Diagnosis in expecting parents involves procedures for analyzing samples of amniotic fluid or chorionic villus.
- Thrombocytopenia (platelet abnormality) caused by sepsis
- Turner syndrome
- Noonan syndrome
- Kabuki syndrome with symptoms like short stature, mental retardation, and abnormal palpebral fissures
Treatments for Jacobsen Syndrome
While there is no known cure for the condition, treatment is based on the symptoms present, with options including the following:
- For people affected by low platelet count, regular monitoring along with blood transfusions before or during surgical procedures may be required.
- Eye abnormalities and other visual problems may be improved with contact lenses, glasses, and surgery.
- Malformations of the kidney, urinary tract, and gastrointestinal tract, as well as abnormalities of bones, joints, muscles, and tendons, may be treated with surgery.
- Individuals affected by congenital heart defects may be treated with different medications. Infections of the respiratory tract or the heart’s valves and lining require high doses of intravenous antibiotic treatment before surgery.
- Patients with coordination and mobility issues may be treated with physical therapy for improving balance, posture, and strength.
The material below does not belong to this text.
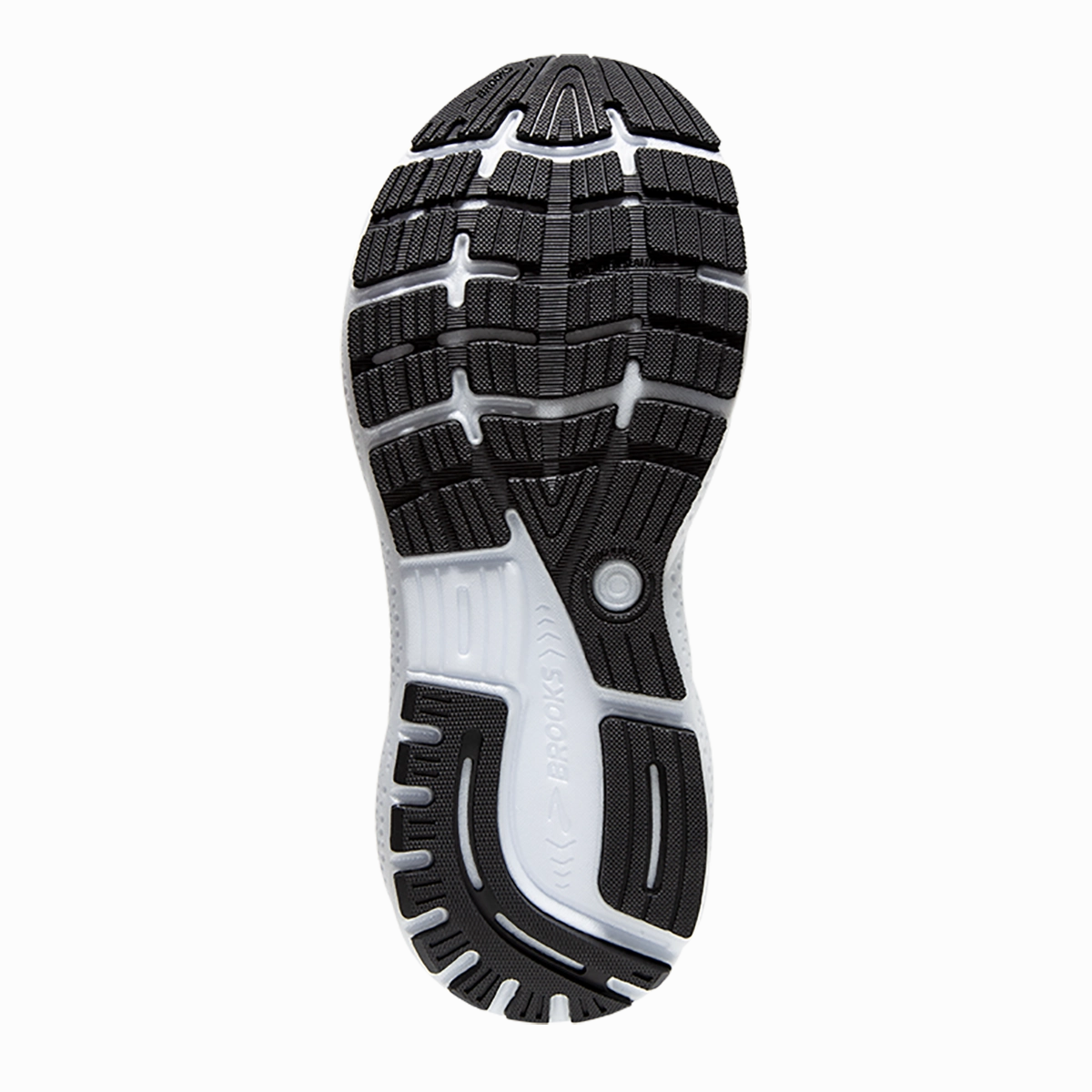 Brooks Ghost 16 - Peacoat - Raspberry - Apricot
Prognosis and Quality of Life
Medical therapy can address health complications and improve the overall health of an affected child, thus helping him or her to reach proper developmental milestones. Life expectancy of children born with Jacobsen syndrome is unknown. Some may die in their neonatal stage due to excessive bleeding and severe heart malformations while others may live into adulthood. The person recorded as having lived the longest with JBS lived for over 45 years of age. Finding support groups can help the parents and their child cope with the life threatening condition.
Incidence and Prevalence
It is estimated that 1 out of 100,000 newborns have chances of developing Jacobsen syndrome. According to recent population-based studies, over 200 individuals have been affected by this genetic condition.
ICD-9-CM and ICD-10-CM Codes
The ICD-9-CM code for JS is 758.3 while its ICD-10 code is Q93.5.